## Problem
Within the entries below, find the portion that opens with the line containing "A weathered yellow" and closes with the line containing "Manager and a". Retype that portion exactly and only.

## Given entries
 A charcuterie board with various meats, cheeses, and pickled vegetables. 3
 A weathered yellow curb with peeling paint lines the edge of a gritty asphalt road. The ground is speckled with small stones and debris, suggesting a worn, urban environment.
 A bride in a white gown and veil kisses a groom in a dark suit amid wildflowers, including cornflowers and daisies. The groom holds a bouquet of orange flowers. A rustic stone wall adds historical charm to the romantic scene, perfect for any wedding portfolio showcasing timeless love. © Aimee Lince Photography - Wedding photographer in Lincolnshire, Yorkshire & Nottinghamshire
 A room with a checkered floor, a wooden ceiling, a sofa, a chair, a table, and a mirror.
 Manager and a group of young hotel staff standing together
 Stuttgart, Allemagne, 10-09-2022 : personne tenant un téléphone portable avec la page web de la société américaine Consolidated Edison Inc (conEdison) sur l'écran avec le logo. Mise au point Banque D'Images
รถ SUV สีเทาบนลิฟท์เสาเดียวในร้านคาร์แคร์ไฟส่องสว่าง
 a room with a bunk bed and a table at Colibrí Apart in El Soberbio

---

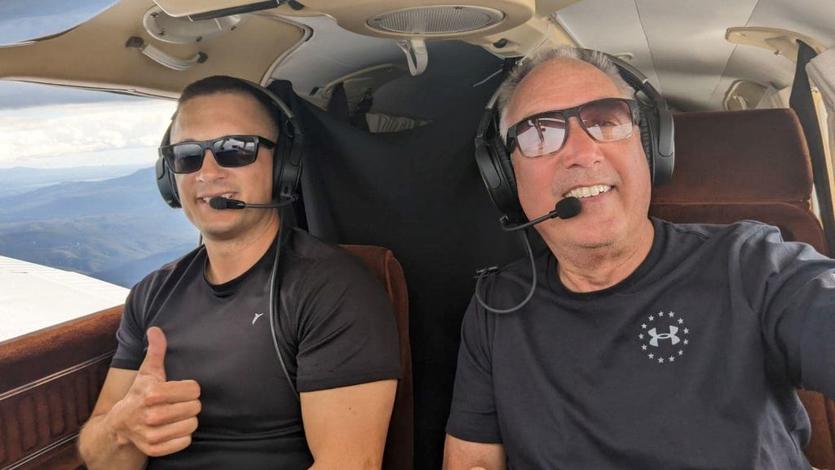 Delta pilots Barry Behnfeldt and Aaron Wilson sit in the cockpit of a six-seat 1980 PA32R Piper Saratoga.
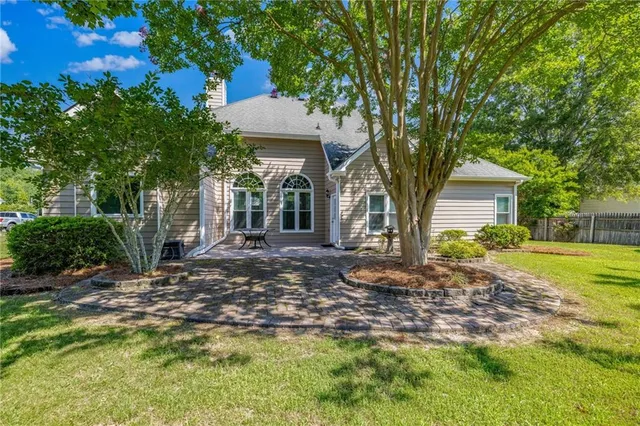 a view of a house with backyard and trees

## Answer area
 A weathered yellow curb with peeling paint lines the edge of a gritty asphalt road. The ground is speckled with small stones and debris, suggesting a worn, urban environment.
 A bride in a white gown and veil kisses a groom in a dark suit amid wildflowers, including cornflowers and daisies. The groom holds a bouquet of orange flowers. A rustic stone wall adds historical charm to the romantic scene, perfect for any wedding portfolio showcasing timeless love. © Aimee Lince Photography - Wedding photographer in Lincolnshire, Yorkshire & Nottinghamshire
 A room with a checkered floor, a wooden ceiling, a sofa, a chair, a table, and a mirror.
 Manager and a group of young hotel staff standing together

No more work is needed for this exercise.